THE PROBLEM:
Write out the data word for word and drop any picture you find.

DATA BLOCK:
━━━━━━━━━━━━━━━━━━━━
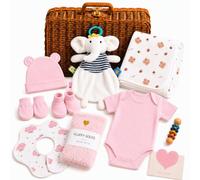 SRunDe Coffret Naissance Fille Cadeau Bapteme Bebe 9-en-1Baby Shower Cadeau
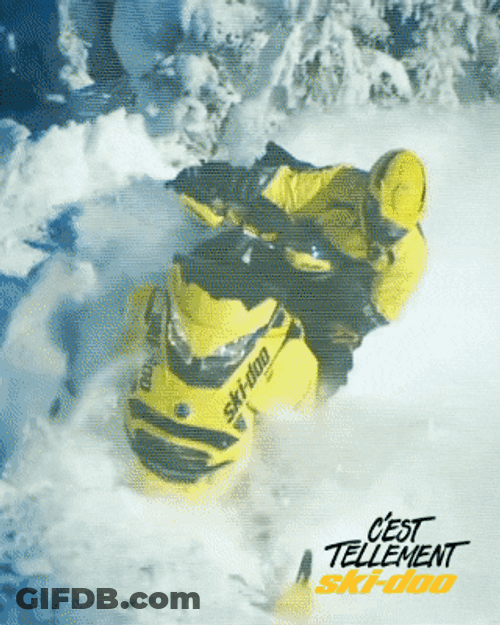 Snowmobile Drifting In Thick Snow GIF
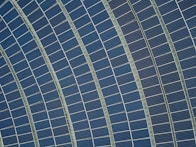 blue solar panel lot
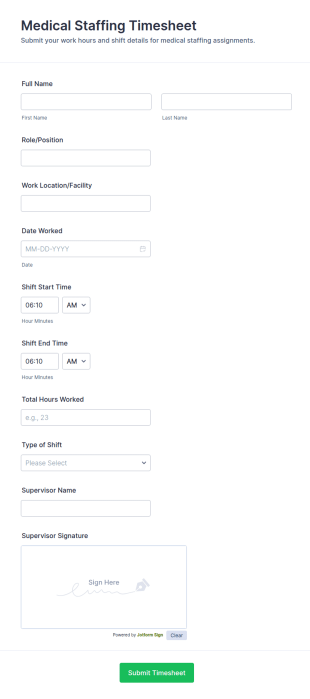 Medical Staffing Timesheet Form Template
━━━━━━━━━━━━━━━━━━━━
ANSWER:
 SRunDe Coffret Naissance Fille Cadeau Bapteme Bebe 9-en-1Baby Shower Cadeau
 Snowmobile Drifting In Thick Snow GIF
 blue solar panel lot
 Medical Staffing Timesheet Form Template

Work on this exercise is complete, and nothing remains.